Para Igor Britto, diretor de Relações Institucionais do Instituto Brasileiro de Defesa do Consumidor (Idec), há uma busca da Anvisa para estabilizar as relações entre os setores envolvidos no processo regulatório, sempre priorizando diminuir a resistência criada pela indústria. 

“Temos uma nítida visão de que a agência se submete, se mostra vulnerável à pressão da indústria. Em outros momentos nós vimos a Anvisa não ter qualquer receio de adotar decisões que desagradassem interesses econômicos, mostrando a autonomia da agência regulatória. A agência deveria simplesmente adotar as decisões que são as mais técnicas, mais corretas, adequadas para o interesse da sociedade. Mas a gente visualiza que a preocupação com gastos, impactos econômicos, vendas, acabam tendo um peso dentro das decisões”, relata.

No final da década passada, a agência chegou a propor uma regulação completa para a área de alimentos, prevendo sistemas de rotulagem que ajudassem a promover escolhas e restrições à publicidade de produtos com excesso de sal, açúcar e gorduras. O caso foi judicializado pelo setor privado e, desde então, é usado como ameaça em documentos e negociações. Foi o que se deu na discussão sobre rotulagem, quando a Abia avisou que a Anvisa estava extrapolando suas atribuições. 

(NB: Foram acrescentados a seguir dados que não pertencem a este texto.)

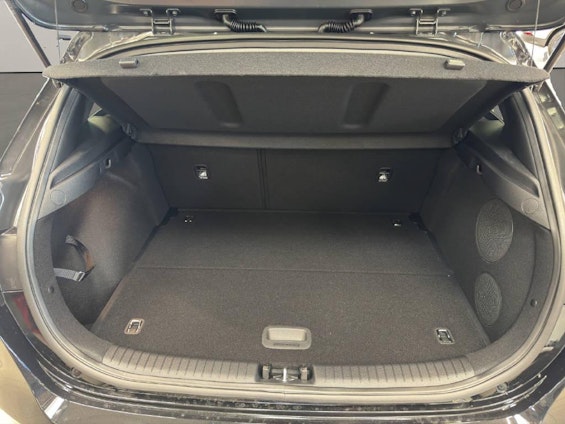 Vehicle image 8 Vehicle image 8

A baixa demanda da sociedade civil na agenda de diretores da agência, segundo Britto, pode ser um reflexo da falta de estrutura dessas organizações em Brasília, mas não pode ser vista como justificativa para a falta de equilíbrio nas decisões tomadas. “A Anvisa deve compensar isso buscando ouvir outras entidades e setores afetados. Caso contrário, ela vai ficar enviesada”, pondera.

O que pensam os ex-diretores da Anvisa

“Na minha gestão, todos os segmentos que me procuravam, eu recebia. Inclusive do tabaco, que eu era radicalmente contra”, conta Agenor Álvares. O ex-diretor defende que uma boa agência reguladora, que cumpre seu papel, precisa dialogar com todos os campos da sociedade e principalmente com o que ele chama de “três eixos”: sociedade, setor regulado e o governo. 

Dentro da Anvisa, seus principais embates foram no campo da toxicologia, mais especificamente na análise de agrotóxicos e, particularmente, na regulação de produtos derivados do tabaco. “A toxicologia e o tabaco são áreas de grande pressão política e lobbies muito fortes, alguns mundiais e com interesses muito grandes”, conta.

Ivo Bucaresky declara-se contrário à visão de parceria entre o órgão público e as empresas. “A Anvisa tem que ser transparente. Tudo tem que ser muito bem debatido. As consultas públicas tem que ser amplas e concretas. A sociedade tem que entender o que está acontecendo”, diz, fazendo a ressalva de que não acompanha de perto a agenda dos atuais dirigentes.

A falta de continuidade

A Assessoria de Relações e Articulação Institucional (Asrel) era um canal direto de comunicação entre a sociedade civil e a Anvisa, criado durante o mandato de Dirceu Barbano (2008-14) e extinto pelo sucessor Jarbas Barbosa. “Eu acho que é um erro, acho que isso também já cria uma dificuldade”, relatou Buscaresky.

Agenor Álvares declarou surpresa em saber que a Assessoria foi extinta. “Isso funcionou bem. Principalmente em relação aos movimentos que tinham mais organicidade porque passou a escutar aquele segmento de forma mais organizada”, conta. “A gente tem que ter um canal de escuta, mas não pode ter um formalismo ‘só entro pela Asrel’, a minha fala só pode ser escutada por esse ou aquele segmento.”

Hoje a comunicação entre a Anvisa e a sociedade civil é feita através do Parlatório. Os grupos interessados devem fazer uma solicitação de reunião para as áreas técnicas da Anvisa por meio da internet, no Sistema de Agendamento Eletrônico de Audiências e esperar até receberem um email com a confirmação.